(Pictures with short captions)
----------------------------------------

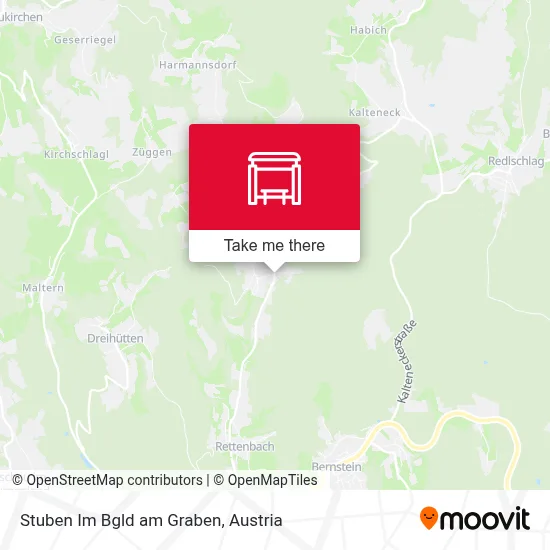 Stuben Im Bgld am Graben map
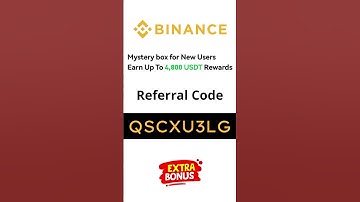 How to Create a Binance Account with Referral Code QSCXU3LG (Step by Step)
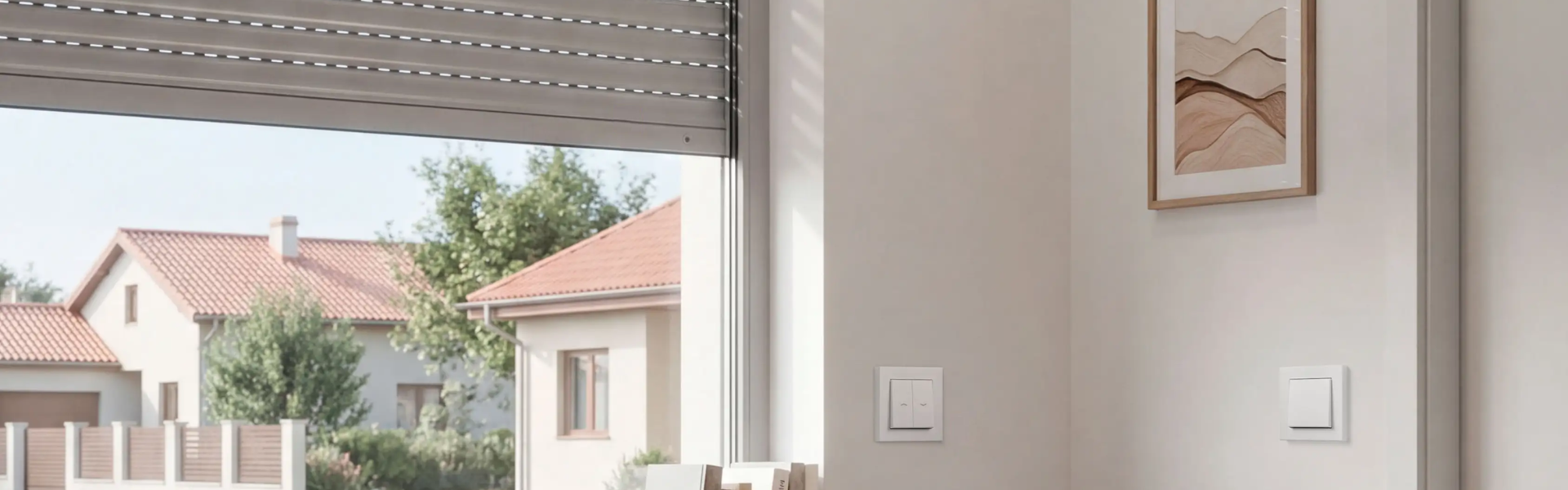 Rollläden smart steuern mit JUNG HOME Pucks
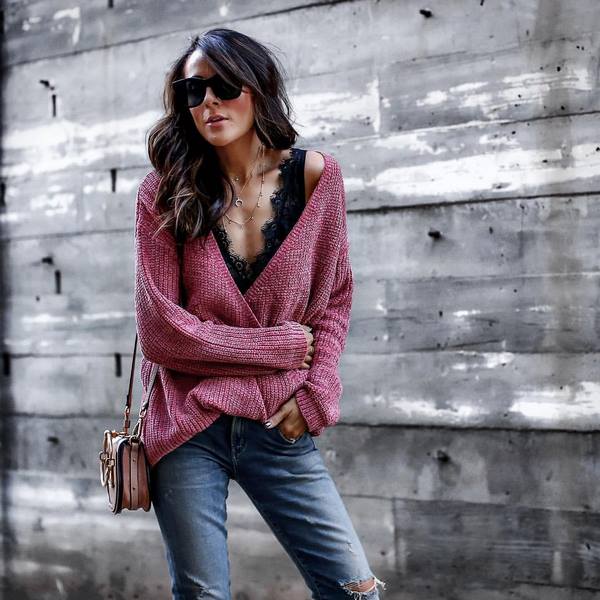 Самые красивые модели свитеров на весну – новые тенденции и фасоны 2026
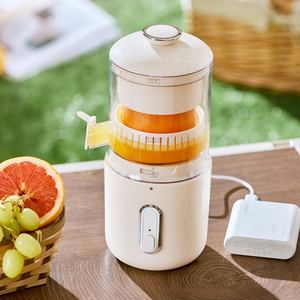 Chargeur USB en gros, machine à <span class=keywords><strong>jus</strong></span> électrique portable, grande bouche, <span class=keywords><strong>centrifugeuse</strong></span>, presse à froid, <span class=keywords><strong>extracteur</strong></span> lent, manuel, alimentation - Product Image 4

----------------------------------------

Please retype the lines from the one that contains "Самые красивые модели" through the final line of the data, both included, without any pictures.

#### [Result for this exercise]
 Самые красивые модели свитеров на весну – новые тенденции и фасоны 2026
 Chargeur USB en gros, machine à <span class=keywords><strong>jus</strong></span> électrique portable, grande bouche, <span class=keywords><strong>centrifugeuse</strong></span>, presse à froid, <span class=keywords><strong>extracteur</strong></span> lent, manuel, alimentation - Product Image 4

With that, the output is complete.